Rejected during peak finding

  • Masked by user - the peak intersects a mask applied to the detector image. Such masks are applied to exclude problematic regions of the detector, such as seams between detector plates and the area surrounding the beam stop.

  • Too many or few detector counts - a blob must have a number of counts within a given range to qualify as a valid peaks. The upper limit is used to exlude pixels that have been saturated, i.e. the count is beyond the limit of the detector.

  • Peak centre outside frame range - the centre of mass of the blob falls outside the angular region encompassed by the detector images.

  • Peak centre outside detector image - the centre of mass of the blob falls outside the bounds of the detector image.

Rejected during integration

  • Integration failed - This is a fall-through condition met if the integration fails but not for any other of the listed reasons. Should not generally happen.

  • Too few points to integrate - the integration region contains too few counts to reliably integrate.

  • No unit cell assigned - the given peak has no unit cell assigned and can not be handled.

  • No associated data set - The given peak has no data set assigned and can not be handled.

  • Integration region extends beyond image/frame range - The integration region extends either beyond the detector image, or outside the frame (rotation) range.

  • Negative, zero, or undefined background sigma - certain rare circumstances might lead to a mathematically undefined sigma.

  • Peak contains saturated pixel - A 16-bit detector can hold a maximum of 65535 counts per pixel. Moreover, there is physical limit to the number of counts a detector pixel can reach. If the integrator is instructed to reject peaks containing such pixels, this reason is used.

  • Adjacent peak intensity region overlaps this peak - if two peak intensity regions overlap, both peaks are rejected.

  • Centre of mass of peak is inconsistent - the centre of mass of the peak is mathematically undefined.

  • Covariance matrix of peak is inconsistent - the shape of the ellipsoid defining the peak, i.e. the covariance matrix, is mathematically undefined.

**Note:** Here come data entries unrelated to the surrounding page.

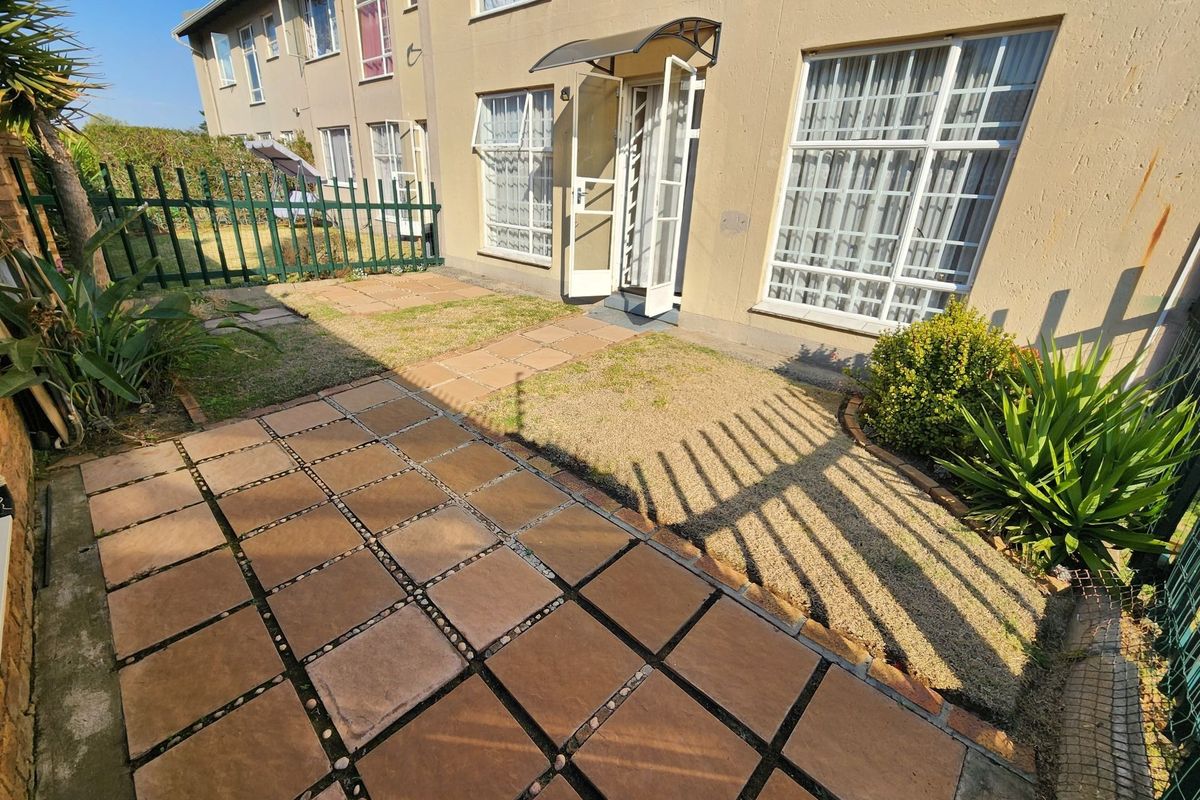 A private rear garden area featuring a paved patio, security gate, and metal fencing, providing direct access to the apartment.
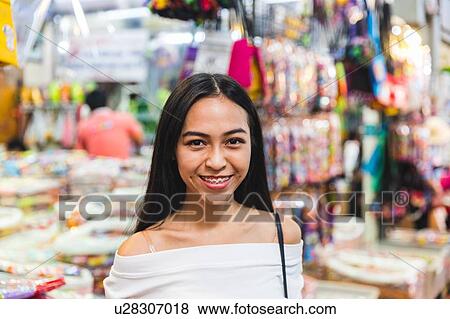 Tourist in bazaar, Bangkok, Thailand View Large Photo Image Stock Photo - Tourist in bazaar, Bangkok, Thailand. Fotosearch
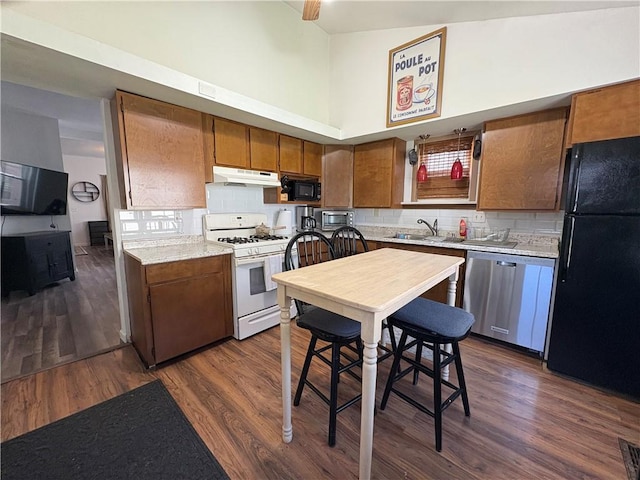 7 E St, Oneonta, NY 13820 - kitchen featuring black appliances, under cabinet range hood, brown cabinets, light countertops, and dark wood-style flooring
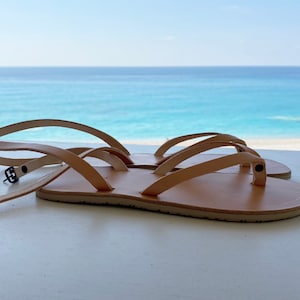 May include: Two pairs of tan leather sandals with adjustable straps and buckles. The sandals are on a white surface with a view of the ocean in the background.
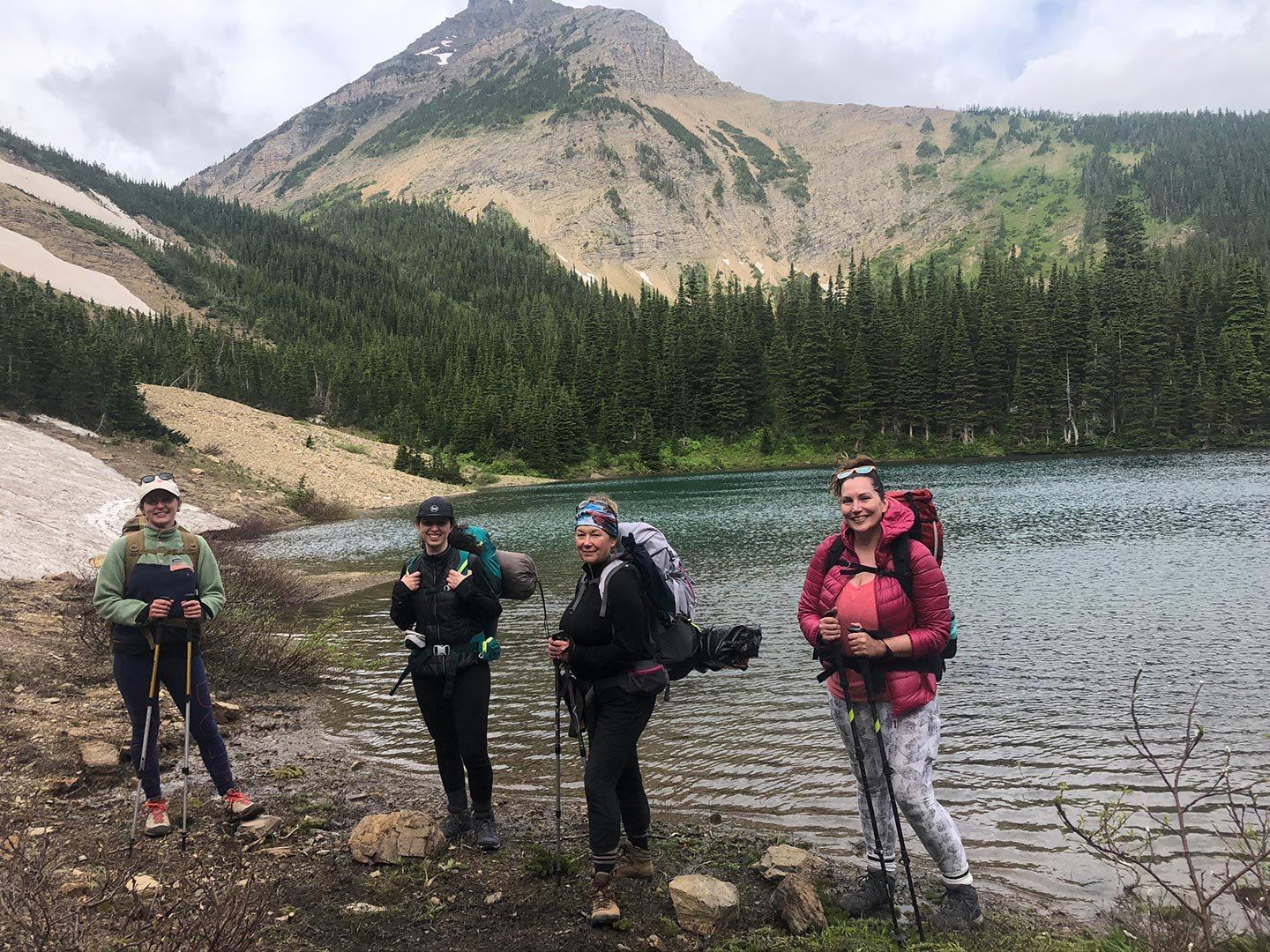 Hikers with backpacks stand by a mountain lake, forested slopes rising behind them.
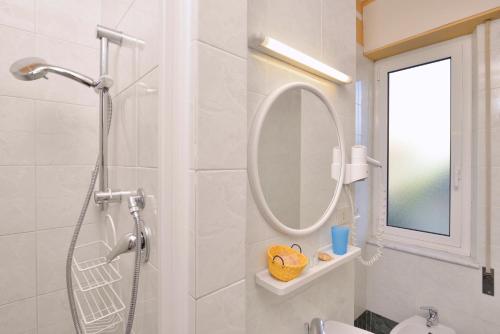 a white bathroom with a shower and a mirror at Antica Locanda Luigina in Mattarana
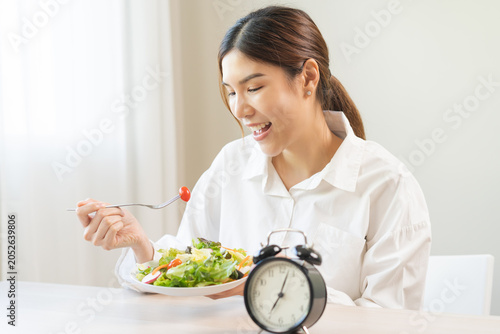 Intermittent fasting concept, close up clock, asain young woman, girl diet eating ketogenic low carb, fresh green vegetable salad on plate. Eat food healthy first meal in morning on table at home.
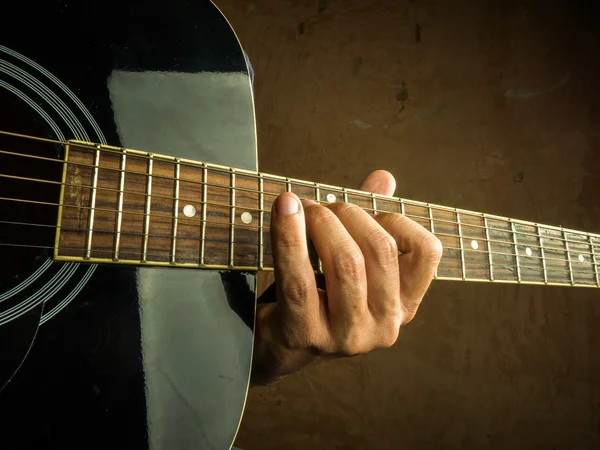 Foto de close-up de uma guitarra acústica tocada por um homem . — Fotografia de Stock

  • Shape of peak is too small or large - the eigenvalues of the covariance matrix of the ellipsoid are too small or large.

  • Failed to find a minimum of I/Sigma - specific to the \(\sigma/I\) integrator, which requires a minimum in \(I/\sigma\) to determine the extents of the integration region.

  • Peak centre moved beyond bounds of data set - specific to the Gaussian integrator: the peak centre may move outside the bounds of the image or frame range during integration.

  • Pearson coefficient of fit is too low - specific to the Gaussian Integrator: the fit of the peak shape is not good enough.

  • No shape model found - No shape model was specified during profile integration.

Rejected during shape prediction

  • No neighbouring profile to compute shape - There are no neighbouring peaks within the specified pixel and frame range cutoffs with which to compute a mean covariance.

  • Too few neighbouring profiles to compute shape There are too few neighbouring peaks within the specified pixel and frame range cutoffs with which to compute a mean covariance.

Rejected during refinement

  • Failure updating prediction post-refinement - the reflection no longer intersects the Ewald sphere after refinement.


  • Frame coordinate interpolation failed - The fractional frame value (i.e. specific rotation angle) cannot be determined because the ellipsoid extends beyond the frame range.

  • Manually unselected by user - peak can be manually deselected form the detector image by selecting one or many peaks with the rectangle select tool, then pressing backspace.

  • Outside indexing tolerance - The non-integer Miller indices (the product of a reciprocal vector and reciprocal basis) are too far from the specified integer Miller indices.